## Task to complete
The answer should be every line below, repeated exactly, with the images left out.

[Short web captions]

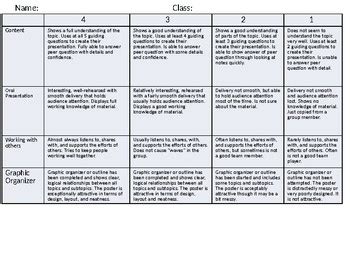 Poster Project Rubric by Minus Five Inc | TPT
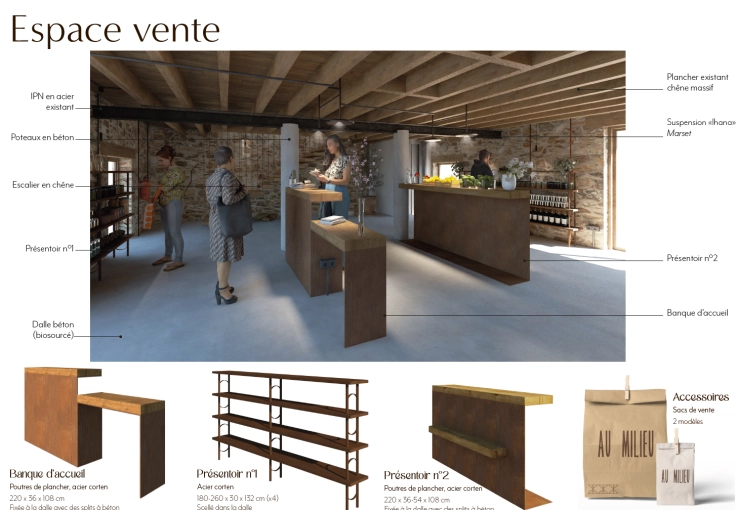 Bâtiment accueillant du public, Projet complet, 3D d'ambiance, Plan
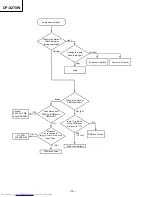 Preview for 17 page of Hitachi CP-X270W Service Manual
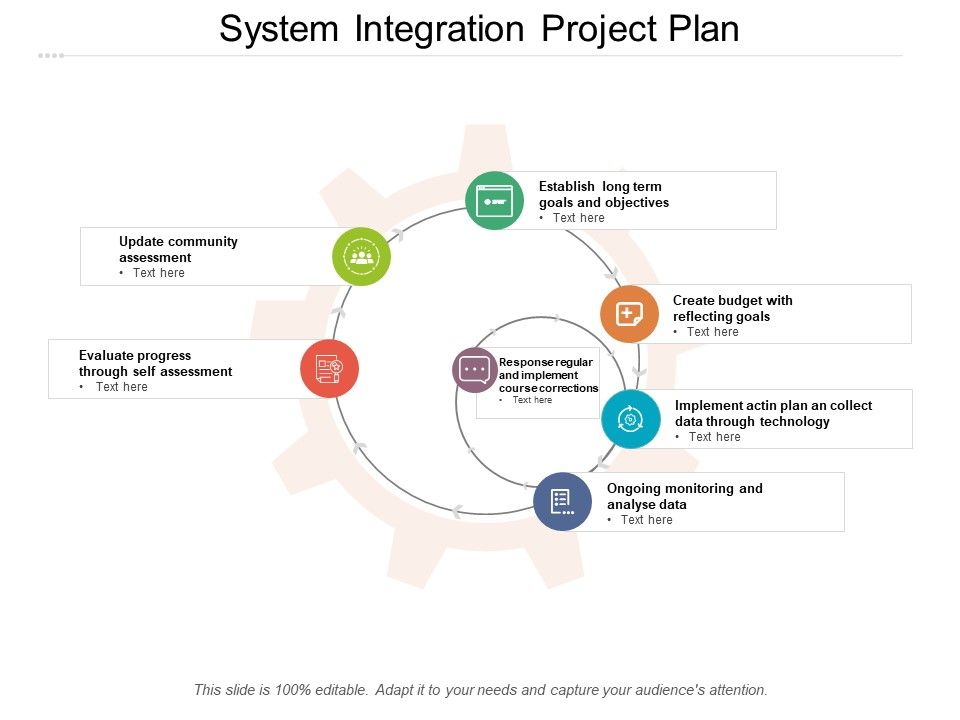 System_Integration_Project_Plan_Ppt_PowerPoint_Presentation_Slides_Example_File_Slide_1.jpg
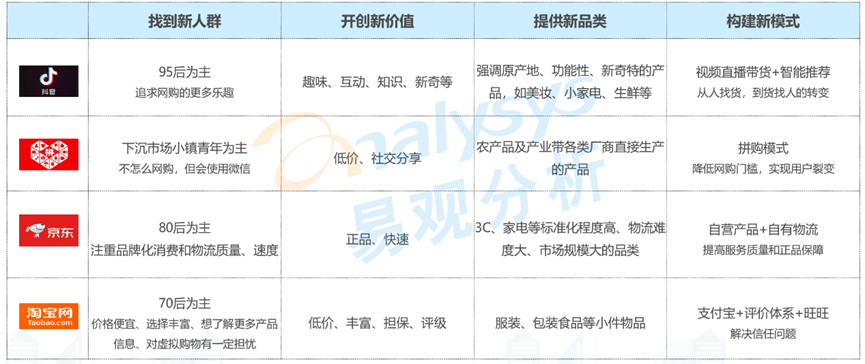 静悄悄&ldquo;双十一&rdquo;背后的&ldquo;喧嚣&rdquo;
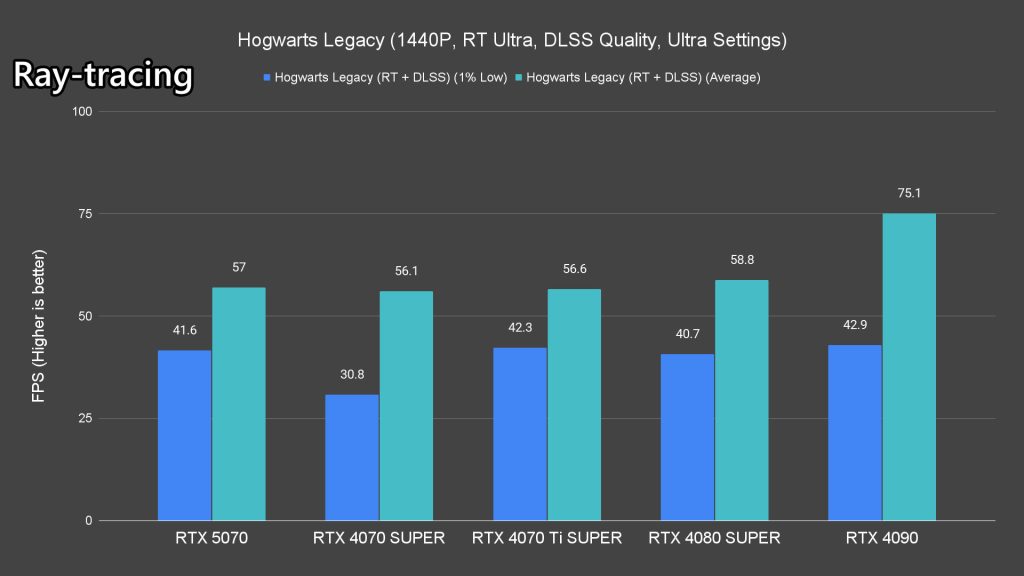 NVIDIA GeForce RTX 5070 review 39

## The completed task
 Poster Project Rubric by Minus Five Inc | TPT
 Bâtiment accueillant du public, Projet complet, 3D d'ambiance, Plan
 Preview for 17 page of Hitachi CP-X270W Service Manual
 System_Integration_Project_Plan_Ppt_PowerPoint_Presentation_Slides_Example_File_Slide_1.jpg
 静悄悄&ldquo;双十一&rdquo;背后的&ldquo;喧嚣&rdquo;
 NVIDIA GeForce RTX 5070 review 39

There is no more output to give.